Hierbei wird die Funktion im Programm aufgerufen und dann werden die Escape-Sequenzen herausgefiltert und mit VisualC++ Funktionen so umgesetzt, daß auch ohne EscapeSequenzen eine vernünftige Farbdarstellung erfolgt.

Ich habe mal zum Testen versucht einfech mit nem printf escape-sequenzen auszugeben.
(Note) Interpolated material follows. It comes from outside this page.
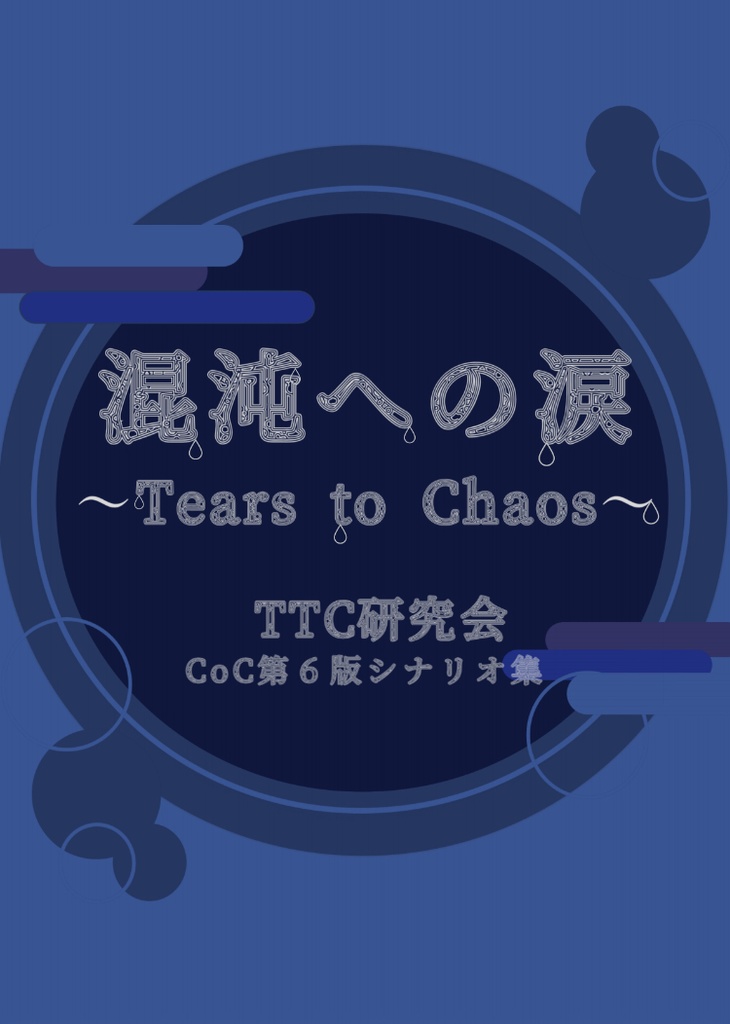 混沌への涙~Tears to Chaos~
Diese werden dann aber nur als Steuerzeichen am Bildschirm ausgegeben ==> Visual C oder Windows ist halt zu blöd dafür.

Soweit so gut, aber wenn ich jetzt die Console-Funktionen (WriteConsole,...) benutze, dann wird der Text zwar in die console geschrieben aber nicht auf stdout.
Ich kann also mit meiner PIPE baden gehen.

Wie krieg ich das jetzt so hin, daß ich die Applikation über ne Pipe benutzen kann (testen kann man das ja mit "ysm > test.txt" obs funktioniert) und das Programm trotzdem auf der command line starten kann und der gesamte Ouput samt allen Farben so wie jetzt erscheint?!?
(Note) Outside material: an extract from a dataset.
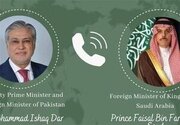 رایزنی وزیران خارجه پاکستان و عربستان درباره ایران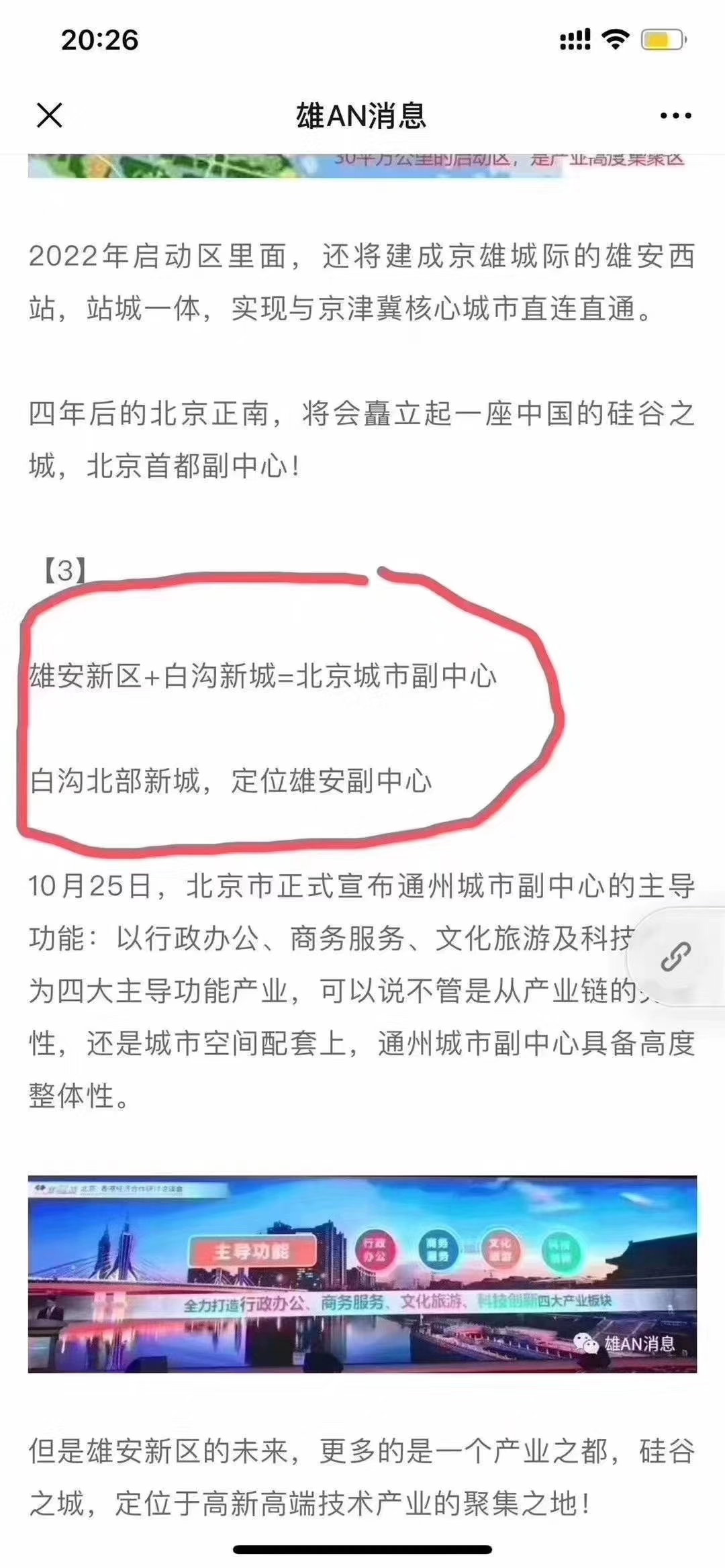 滨州-雄安周边新楼盘_京雄世贸-港产权是多少年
Sollte hierbei jetzt ne lösung rauskommen, werde ich sie dem Autor vorschlagen und hoffen, daß er sie ins nächste release einbaut...

Ich danke euch schon mal im Vorraus für eure Hilfe!

mfg
Nomike aka Michael Postmann


----------



## goela (22. Oktober 2002)

Escapesequenzen funktionieren anscheinend nur auf Systemen mit dem Betriebssystem Windows 9x ( auch bei kombinierten Betriebssystemen, wie zum Beispiel Windows XP funktionieren sie nicht ). Zudem muss man einen Treiber geladen ( ansi.sys ) haben. Dies geschieht indem man folgende Zeile in die Datei config.sys einfügt:
DEVICE=C:\Windows\Command\ansi.sys

Natürlich muss man diesen Pfad durch den jeweiligen Windows-Pfad ersetzen .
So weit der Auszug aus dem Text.